The tube may be secured in a variety of ways, all that is important
is that it is held tightly, and can not slide up and down the trachea.
It is preferable to secure the tube to the upper jaw (the maxilla)
than to the lower one (the mandible) as this moves up and down.
It is usual to insert a nasogastric tube for feeding at the same
time as intubation takes place.
It is worthwhile to suction out the lungs below the level of the
tube following intubation, and collect specimen of mucus for
microbiology.
The ett is connected to the ventilator via a catheter mount.

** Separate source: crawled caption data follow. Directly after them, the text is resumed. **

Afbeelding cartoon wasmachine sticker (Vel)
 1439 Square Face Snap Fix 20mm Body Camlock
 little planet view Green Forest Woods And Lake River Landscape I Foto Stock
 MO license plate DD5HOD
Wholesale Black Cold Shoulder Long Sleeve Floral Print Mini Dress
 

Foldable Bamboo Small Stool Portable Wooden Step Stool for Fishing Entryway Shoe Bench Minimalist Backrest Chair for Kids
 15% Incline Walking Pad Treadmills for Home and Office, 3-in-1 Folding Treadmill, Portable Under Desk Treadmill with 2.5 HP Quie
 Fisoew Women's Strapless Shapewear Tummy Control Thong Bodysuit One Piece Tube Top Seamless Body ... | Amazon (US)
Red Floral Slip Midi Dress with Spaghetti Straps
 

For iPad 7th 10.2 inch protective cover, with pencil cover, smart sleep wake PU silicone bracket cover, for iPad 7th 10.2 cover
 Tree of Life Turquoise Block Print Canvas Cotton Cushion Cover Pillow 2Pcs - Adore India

"Going asleep for intubation" – what
anaesthetists do
- When anaesthetising patients for emergency surgery, anaesthetists
use a process called a "rapid sequence induction". The
objective is to secure the airway rapidly and prevent soiling of the
lungs with gastric contents.
- The patient goes asleep with the aid of an intravenous induction
agent: thiopentone or propofol. These cause hypnosis and amnesia. They
have a common problem in that they cause peripheral vasodilatation (propofol>thio),
and cause a drop in the blood pressure.
- To rapidly intubate the larynx, it is important to have a high
degree of muscle relaxation very quickly. The drug used for this is
suxamethonium. This acts by causing every muscle in the body to
contract, and subsequently relax. The result of this is the sudden
release of a lot of potassium into the bloodstream. Sux is
contraindicated if there is hyperkalaemia, as it may cause cardiac
arrest.
The procedure of rapid sequence induction;
- Preparation:
Drugs: thio, sux, atropine, ephedrine.
Endotracheal tubes: a variety of sizes available and cut and
checked (to make sure that the cuff is intact -–ie. Not punctures)
Laryngoscopes – 2 functioning laryngoscopes with a variety of
blades.
Suction – on and under the pillow.
A Gum elastic bougie – to railroad the ETT is there is
difficulty in placing the ett.
An intravenous cannula, with a free-flowing drip
- Monitoring
:
blood pressure, ECG, pulse oximetery, end tidal CO2 (if available).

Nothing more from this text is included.